Depuis les travaux pionniers du Suédois Sigvald Linné2 et de l’Américain Donald Robertson3, aucune étude sérieuse n’avait été consacrée à ce document exceptionnel, et ce à plusieurs titres. D’une part, le plan d’Uppsala aussi connu comme le plan de Santa Cruz est le plus ancien plan conservé de la Cuenca de Mexico (ca. 1550) puisqu’il a été confectionné seulement une génération après la prise de la ville par Cortés et ses alliés : il donne donc à voir la ville Mexico et ses environs lacustres et montagneux dans les premiers temps de la colonisation alors que la ville est tout juste devenue la capitale du royaume de la Nouvelle-Espagne. Rappelons que Mexico ne devint le siège du tribunal royal de la Real Audiencia qu’en 1532 et la résidence du vice-roi qu’en 1535.

D’autre part, au premier coup d’œil ce document pourrait être confondu avec une carte-paysage de la Renaissance européenne avec ses scènes champêtres, ses larges bordures ornées de grecques, le blason impérial de l’aigle bicéphale et sa légende en latin dédicacée à Charles Quint. Or, à y regarder de plus près, le support matériel (deux peaux de cerf cousues entre elles), le trait des personnages, toujours peints de profil, et surtout les plus de deux cents glyphes toponymiques qui parsèment le document en font un magnifique exemple de « plan métisse » où influences européennes et indigènes se mêlent avec une étonnante précocité.

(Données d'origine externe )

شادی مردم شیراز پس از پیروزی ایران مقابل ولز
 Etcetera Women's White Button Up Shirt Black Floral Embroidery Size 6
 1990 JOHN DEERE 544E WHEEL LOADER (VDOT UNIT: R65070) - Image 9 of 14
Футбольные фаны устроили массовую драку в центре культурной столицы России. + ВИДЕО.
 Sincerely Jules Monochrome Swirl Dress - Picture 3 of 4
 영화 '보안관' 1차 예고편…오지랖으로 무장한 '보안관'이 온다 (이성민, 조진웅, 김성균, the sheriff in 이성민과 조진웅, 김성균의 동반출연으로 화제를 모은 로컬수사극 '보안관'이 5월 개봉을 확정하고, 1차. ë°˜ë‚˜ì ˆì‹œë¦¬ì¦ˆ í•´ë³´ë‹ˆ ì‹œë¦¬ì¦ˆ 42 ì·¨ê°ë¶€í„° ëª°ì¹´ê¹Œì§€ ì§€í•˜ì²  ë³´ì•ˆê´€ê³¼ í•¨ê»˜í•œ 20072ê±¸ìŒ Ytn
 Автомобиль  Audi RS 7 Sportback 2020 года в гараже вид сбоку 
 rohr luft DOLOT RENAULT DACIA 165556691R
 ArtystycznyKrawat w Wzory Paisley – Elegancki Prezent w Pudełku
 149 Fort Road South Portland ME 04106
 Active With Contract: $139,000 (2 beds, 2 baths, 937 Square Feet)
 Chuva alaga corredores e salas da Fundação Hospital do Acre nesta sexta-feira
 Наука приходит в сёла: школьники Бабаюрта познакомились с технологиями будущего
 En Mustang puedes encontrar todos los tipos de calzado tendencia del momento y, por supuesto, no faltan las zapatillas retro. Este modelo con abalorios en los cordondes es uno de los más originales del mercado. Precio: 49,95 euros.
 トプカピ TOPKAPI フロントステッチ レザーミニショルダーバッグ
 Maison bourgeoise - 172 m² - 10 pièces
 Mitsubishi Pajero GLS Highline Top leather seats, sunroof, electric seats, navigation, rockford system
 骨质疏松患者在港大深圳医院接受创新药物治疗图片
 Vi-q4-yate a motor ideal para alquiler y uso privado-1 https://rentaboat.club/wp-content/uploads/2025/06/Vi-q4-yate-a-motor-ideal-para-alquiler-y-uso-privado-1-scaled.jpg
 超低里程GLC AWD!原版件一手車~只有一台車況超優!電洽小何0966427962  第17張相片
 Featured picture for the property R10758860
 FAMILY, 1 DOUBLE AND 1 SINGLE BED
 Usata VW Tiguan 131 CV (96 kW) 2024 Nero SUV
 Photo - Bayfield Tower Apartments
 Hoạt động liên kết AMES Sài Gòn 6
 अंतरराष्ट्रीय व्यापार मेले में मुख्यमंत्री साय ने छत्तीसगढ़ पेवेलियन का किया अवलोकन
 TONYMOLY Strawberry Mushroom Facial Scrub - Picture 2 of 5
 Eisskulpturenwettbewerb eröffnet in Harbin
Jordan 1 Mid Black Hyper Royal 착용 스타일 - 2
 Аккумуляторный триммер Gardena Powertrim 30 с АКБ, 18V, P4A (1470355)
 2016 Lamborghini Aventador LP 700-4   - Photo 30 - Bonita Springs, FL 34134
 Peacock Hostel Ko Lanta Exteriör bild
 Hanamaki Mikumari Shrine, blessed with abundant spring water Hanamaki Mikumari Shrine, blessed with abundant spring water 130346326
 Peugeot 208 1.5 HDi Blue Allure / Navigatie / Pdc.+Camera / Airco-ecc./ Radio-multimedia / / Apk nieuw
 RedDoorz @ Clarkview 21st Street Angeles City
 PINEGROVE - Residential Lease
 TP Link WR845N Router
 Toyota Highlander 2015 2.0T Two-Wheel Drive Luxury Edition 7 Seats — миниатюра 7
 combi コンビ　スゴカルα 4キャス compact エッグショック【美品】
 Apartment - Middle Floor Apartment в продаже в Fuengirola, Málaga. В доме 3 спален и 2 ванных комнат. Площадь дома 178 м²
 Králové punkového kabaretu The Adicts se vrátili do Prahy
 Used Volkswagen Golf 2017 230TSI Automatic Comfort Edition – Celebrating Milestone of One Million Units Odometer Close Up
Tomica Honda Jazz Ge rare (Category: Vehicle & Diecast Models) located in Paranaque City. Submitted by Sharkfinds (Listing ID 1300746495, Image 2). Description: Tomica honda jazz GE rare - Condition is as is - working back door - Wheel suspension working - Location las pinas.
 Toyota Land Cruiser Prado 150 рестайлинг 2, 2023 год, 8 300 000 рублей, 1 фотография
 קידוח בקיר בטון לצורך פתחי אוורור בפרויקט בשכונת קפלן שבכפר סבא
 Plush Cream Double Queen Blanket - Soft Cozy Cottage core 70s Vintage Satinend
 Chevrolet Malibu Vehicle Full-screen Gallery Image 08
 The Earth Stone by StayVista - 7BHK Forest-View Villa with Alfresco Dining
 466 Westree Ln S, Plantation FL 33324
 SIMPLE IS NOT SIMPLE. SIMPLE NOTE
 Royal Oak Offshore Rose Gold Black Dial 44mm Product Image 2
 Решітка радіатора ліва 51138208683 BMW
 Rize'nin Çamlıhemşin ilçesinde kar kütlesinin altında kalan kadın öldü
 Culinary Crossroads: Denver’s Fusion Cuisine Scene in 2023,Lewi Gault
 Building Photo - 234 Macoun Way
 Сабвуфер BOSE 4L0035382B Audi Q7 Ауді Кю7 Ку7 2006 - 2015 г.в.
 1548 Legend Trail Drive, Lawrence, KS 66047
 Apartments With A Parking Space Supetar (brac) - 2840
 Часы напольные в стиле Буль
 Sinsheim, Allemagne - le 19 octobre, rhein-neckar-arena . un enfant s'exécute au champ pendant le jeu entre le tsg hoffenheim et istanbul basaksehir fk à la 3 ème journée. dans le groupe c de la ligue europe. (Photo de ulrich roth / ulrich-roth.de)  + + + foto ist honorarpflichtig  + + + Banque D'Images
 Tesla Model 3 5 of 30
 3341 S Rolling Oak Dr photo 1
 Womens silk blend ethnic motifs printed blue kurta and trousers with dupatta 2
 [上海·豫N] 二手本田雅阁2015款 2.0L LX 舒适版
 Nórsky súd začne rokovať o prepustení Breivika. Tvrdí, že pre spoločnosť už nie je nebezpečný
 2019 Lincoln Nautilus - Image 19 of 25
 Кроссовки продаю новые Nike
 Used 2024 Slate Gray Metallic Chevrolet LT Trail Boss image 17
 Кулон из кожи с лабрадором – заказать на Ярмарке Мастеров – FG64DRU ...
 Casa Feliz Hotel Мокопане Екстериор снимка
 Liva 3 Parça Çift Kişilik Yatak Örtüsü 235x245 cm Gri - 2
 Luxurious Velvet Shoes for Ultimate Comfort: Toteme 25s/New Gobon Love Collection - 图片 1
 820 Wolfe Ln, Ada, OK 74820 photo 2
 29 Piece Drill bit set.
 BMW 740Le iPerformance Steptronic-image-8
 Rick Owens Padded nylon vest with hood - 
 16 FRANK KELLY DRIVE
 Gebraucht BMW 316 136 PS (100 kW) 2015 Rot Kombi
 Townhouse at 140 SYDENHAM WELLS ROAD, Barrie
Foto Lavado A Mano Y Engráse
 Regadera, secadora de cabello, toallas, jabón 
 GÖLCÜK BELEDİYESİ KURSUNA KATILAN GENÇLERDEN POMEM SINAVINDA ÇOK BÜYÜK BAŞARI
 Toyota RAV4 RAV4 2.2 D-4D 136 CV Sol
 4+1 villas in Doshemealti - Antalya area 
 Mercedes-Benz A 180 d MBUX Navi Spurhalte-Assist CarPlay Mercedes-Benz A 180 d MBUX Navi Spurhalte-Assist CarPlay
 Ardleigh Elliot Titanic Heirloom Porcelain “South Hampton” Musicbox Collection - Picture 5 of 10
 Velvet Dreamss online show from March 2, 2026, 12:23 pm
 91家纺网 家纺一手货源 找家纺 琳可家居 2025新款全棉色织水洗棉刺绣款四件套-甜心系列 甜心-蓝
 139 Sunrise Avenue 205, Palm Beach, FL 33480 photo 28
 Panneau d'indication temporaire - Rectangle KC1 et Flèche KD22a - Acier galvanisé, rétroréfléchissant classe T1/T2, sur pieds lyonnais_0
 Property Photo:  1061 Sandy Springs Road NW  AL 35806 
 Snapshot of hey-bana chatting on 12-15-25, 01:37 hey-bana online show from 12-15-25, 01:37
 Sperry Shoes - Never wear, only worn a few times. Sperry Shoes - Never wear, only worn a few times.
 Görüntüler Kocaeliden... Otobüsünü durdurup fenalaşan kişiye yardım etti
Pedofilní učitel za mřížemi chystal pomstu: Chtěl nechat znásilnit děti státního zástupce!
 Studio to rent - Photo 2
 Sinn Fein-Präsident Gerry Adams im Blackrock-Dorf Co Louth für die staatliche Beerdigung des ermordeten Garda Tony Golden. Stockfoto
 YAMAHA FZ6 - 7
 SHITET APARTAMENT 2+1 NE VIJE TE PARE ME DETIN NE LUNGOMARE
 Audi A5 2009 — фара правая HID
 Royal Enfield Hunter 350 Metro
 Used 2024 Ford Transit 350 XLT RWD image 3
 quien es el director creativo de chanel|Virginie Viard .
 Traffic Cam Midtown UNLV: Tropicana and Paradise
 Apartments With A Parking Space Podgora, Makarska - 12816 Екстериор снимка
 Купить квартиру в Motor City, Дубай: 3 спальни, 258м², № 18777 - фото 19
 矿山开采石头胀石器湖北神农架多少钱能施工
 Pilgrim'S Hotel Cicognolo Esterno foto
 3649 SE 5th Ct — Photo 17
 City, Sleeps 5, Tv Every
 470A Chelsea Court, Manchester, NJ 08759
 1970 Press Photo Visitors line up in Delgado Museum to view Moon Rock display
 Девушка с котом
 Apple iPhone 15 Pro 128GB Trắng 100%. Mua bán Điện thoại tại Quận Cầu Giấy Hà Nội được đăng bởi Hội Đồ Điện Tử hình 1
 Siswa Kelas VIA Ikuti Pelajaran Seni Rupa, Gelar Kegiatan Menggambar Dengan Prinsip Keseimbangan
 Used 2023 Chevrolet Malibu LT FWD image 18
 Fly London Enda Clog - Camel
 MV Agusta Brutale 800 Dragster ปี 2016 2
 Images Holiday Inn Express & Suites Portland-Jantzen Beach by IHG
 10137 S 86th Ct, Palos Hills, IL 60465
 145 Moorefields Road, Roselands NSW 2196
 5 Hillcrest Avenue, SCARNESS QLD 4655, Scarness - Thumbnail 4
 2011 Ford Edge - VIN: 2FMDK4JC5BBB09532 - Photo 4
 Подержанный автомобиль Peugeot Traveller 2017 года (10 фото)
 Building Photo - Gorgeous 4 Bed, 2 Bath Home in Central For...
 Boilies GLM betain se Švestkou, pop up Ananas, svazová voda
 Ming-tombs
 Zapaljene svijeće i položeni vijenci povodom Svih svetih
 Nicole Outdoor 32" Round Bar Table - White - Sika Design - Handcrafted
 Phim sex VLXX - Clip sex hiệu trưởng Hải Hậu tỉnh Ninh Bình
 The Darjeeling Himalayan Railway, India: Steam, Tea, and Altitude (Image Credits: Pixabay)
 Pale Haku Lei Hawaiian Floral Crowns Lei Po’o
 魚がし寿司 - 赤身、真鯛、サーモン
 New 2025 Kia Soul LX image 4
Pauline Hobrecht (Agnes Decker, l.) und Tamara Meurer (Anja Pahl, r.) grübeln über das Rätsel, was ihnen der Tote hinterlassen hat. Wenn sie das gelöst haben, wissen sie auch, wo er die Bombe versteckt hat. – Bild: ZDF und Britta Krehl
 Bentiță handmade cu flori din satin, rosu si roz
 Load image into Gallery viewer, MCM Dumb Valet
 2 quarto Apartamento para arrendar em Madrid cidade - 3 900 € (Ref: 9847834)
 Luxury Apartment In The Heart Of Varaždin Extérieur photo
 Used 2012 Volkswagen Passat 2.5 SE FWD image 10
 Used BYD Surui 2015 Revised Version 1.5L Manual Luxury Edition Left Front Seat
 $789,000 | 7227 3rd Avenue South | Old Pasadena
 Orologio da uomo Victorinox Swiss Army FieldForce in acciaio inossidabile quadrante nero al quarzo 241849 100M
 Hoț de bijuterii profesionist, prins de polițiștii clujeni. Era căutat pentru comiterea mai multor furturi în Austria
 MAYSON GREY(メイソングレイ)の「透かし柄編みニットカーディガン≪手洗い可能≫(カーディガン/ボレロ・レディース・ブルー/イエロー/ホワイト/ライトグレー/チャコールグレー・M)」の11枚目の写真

Enfin, le destin du document est lui-même exceptionnel et explique les différents noms qu’on a pu lui attribuer : « Plan de Santa Cruz » du nom du cosmographe du roi, Alonso de Santa Cruz (1505-1567) commanditaire du document, passionné d’astrologie et de cartographie - il n’est jamais sorti de la Péninsule ibérique - qui l’offrit à Charles Quint et qui en fit une reproduction très simplifiée dans son Islario general de todas las islas del mundo ; « Plan d’Uppsala » ensuite du nom de l’Université suédoise où par un singulier destin, la carte a fini par arriver dans sa bibliothèque avant d’être redécouverte plus de trois siècles plus tard, à la fin du XIXe siècle. Ce plan aurait aussi pu s’appeler le « plan de Tlatelolco » car c’est très probablement entre les murs du fameux collège franciscain de Santa Cruz de Tlatelolco que s’élabora ce document par des informateurs autochtones - les auteurs des commentaires font très justement remarquer les distorsions d’échelle, le couvent étant peint beaucoup plus grand que les autres édifices -, des peintres indigènes formés à la cartographie européenne et des frères franciscains très versés dans les savoirs mexicas, à l’image de l’œuvre monumentale que fut le Códice florentino. C’est justement en fin connaisseur de l’œuvre de Sahagun que Miguel León Portilla s’est très certainement intéressé à ce document.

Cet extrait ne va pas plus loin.